Об этой истории я невольно вспомнил недавно, читая адресованное мне письмо дочери Фриды Вигдоровой А. А. Раскиной:

«Я живу сейчас в США, в городе Новый Орлеан, и преподаю в здешнем университете русскую литературу. Связи с русской культурой сегодняшнего дня стараюсь не терять. Последнее время очень много слышала от московских друзей о телепередаче „Подстрочник“, где переводчица Лилиана Лунгина (сейчас уже покойная) рассказывает о своей жизни. „Несколько дней подряд, — говорили мне, — вся страна, затаив дыхание, слушала, как пожилая еврейская женщина рассказывает свою жизнь“. Передачи я не видела (Вы, наверно, видели?), но вот передо мной лежит книга „Подстрочник: Жизнь Лилианы Лунгиной, рассказанная ею в фильме Олега Дормана“ (издательство „Астрель“, 2010).

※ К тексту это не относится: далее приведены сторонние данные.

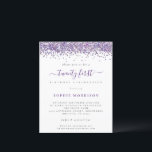 Papier Budget Purple Parties scintillant Vingt premier In<br><div class="desc">Un rapport qualité-prix BUDGET alternative sur une taille plus petite 4, 5 x 5, 6" semi-brillant poids 110lbs, qui est d'une épaisseur similaire à une carte postale (cependant ne convient pas à l'utilisation comme carte postale.) VEUILLEZ NOTER qu'il y a UN invitation par feuille. Parties scintillant violet Vingt Invitation de...</div>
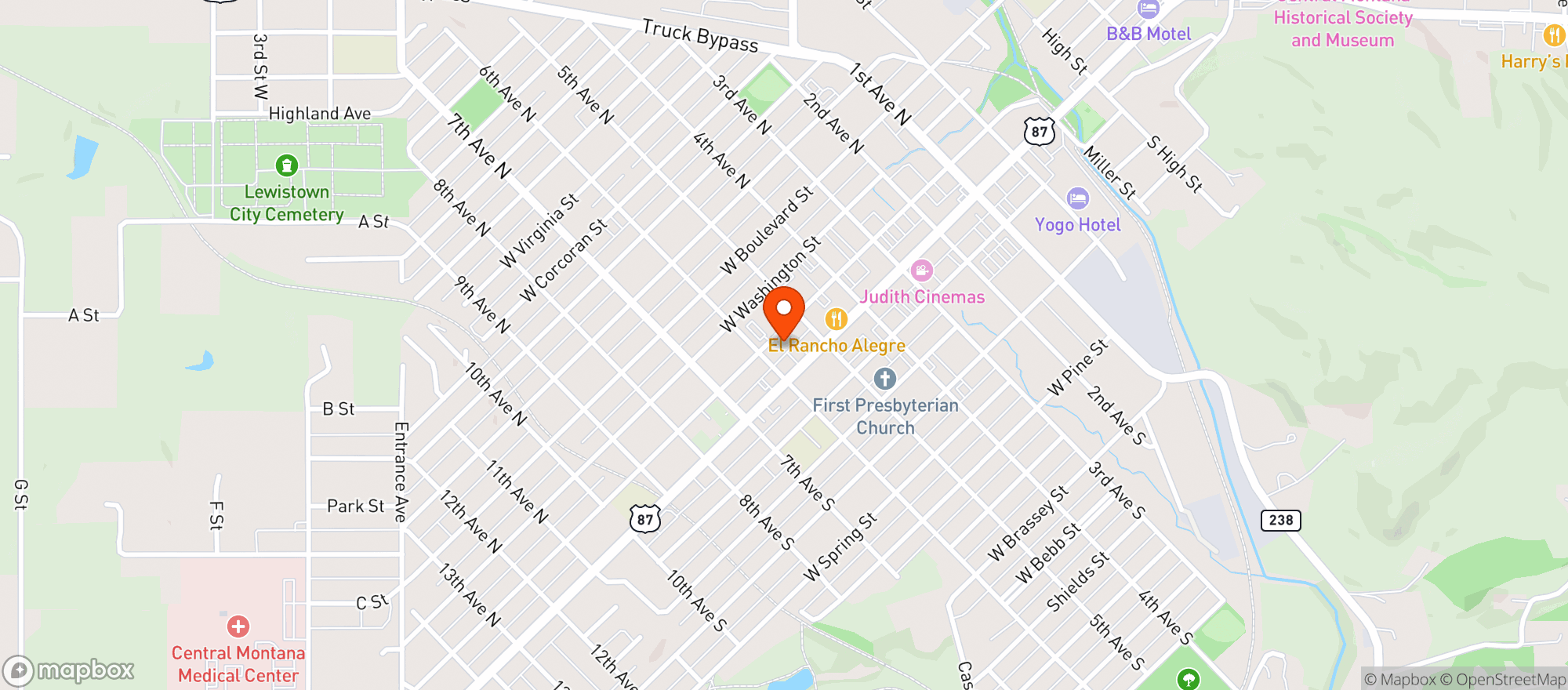 Map showing Mob Studios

Это всё тот же рассказ той же Лунгиной, как видно из подзаголовка, но автором ее является Дорман, режиссер, который интервьюировал Лунгину…

На с. 205 Лунгина рассказывает, как Говард Фаст приезжал в Москву, когда члены Еврейского антифашистского комитета уже были в тюрьме (но еще не расстреляны), виделся с Эренбургом и спрашивал его о своем друге Переце Маркише. Маркиша якобы вытащили из тюрьмы… и привезли на встречу с Фастом, чтобы тот успокоился. И во всем этом трагическом фарсе якобы принимал участие Эренбург. И этого, мол, ни сама Лунгина, ни ее муж никогда не могли простить Эренбургу. Никакого примечания к этому рассказу Дорман не дает.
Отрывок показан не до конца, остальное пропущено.